Provided data -
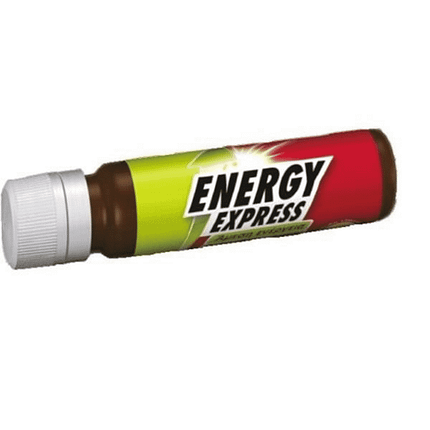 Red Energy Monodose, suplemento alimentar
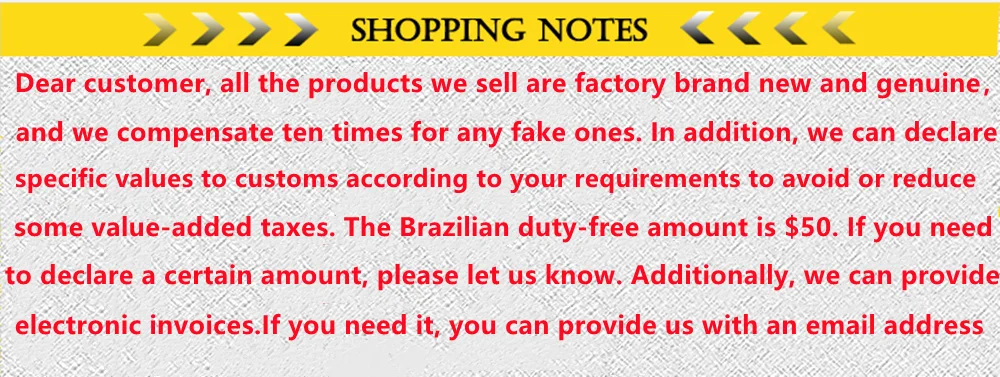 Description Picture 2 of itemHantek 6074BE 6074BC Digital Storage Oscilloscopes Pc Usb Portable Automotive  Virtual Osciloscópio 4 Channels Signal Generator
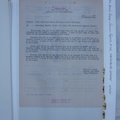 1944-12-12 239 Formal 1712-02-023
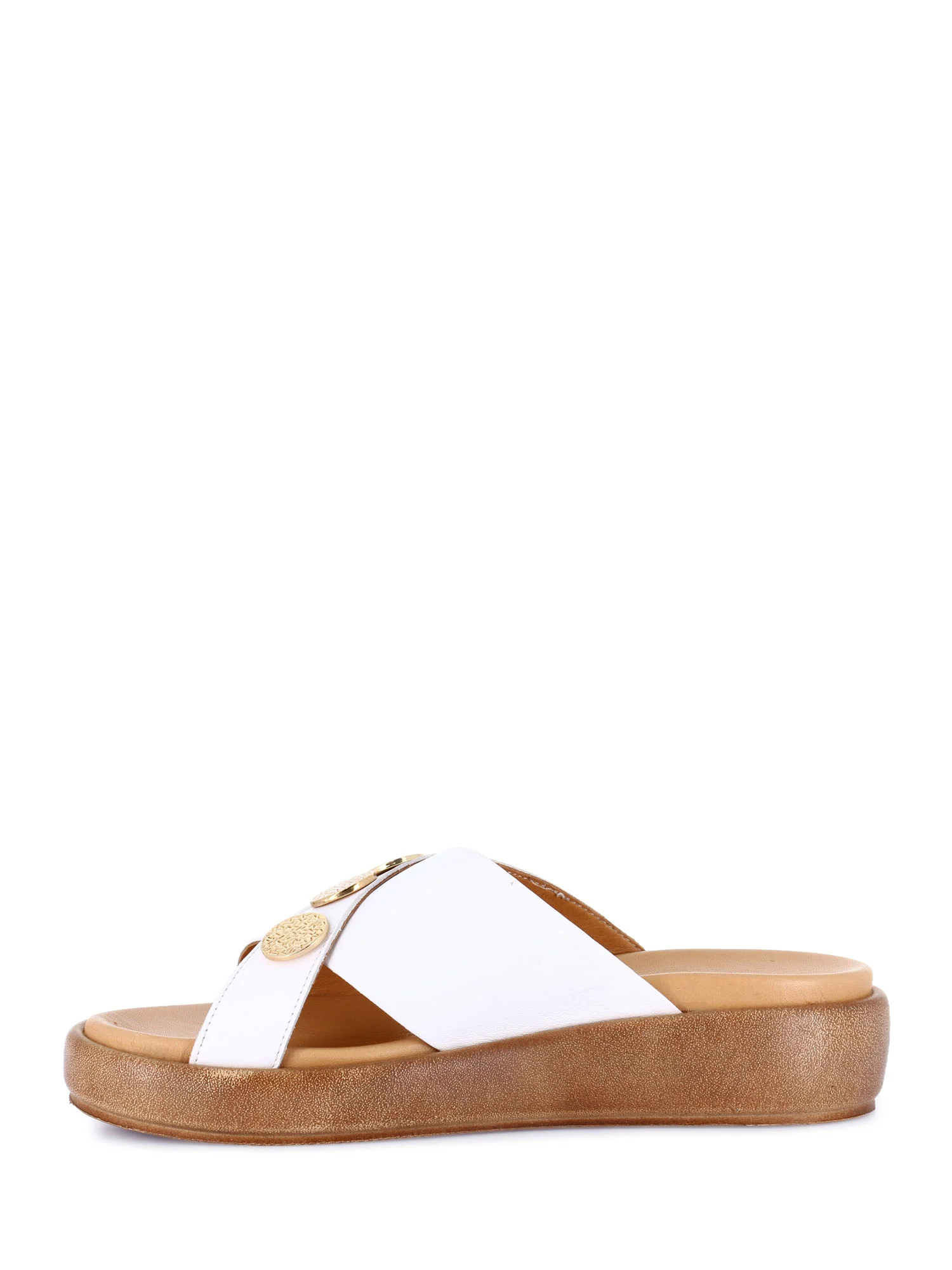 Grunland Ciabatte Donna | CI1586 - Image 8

Exercise objective - Quote the listing above in full, except for the pictures.

Finished exercise -
 Red Energy Monodose, suplemento alimentar
 Description Picture 2 of itemHantek 6074BE 6074BC Digital Storage Oscilloscopes Pc Usb Portable Automotive  Virtual Osciloscópio 4 Channels Signal Generator
 1944-12-12 239 Formal 1712-02-023
 Grunland Ciabatte Donna | CI1586 - Image 8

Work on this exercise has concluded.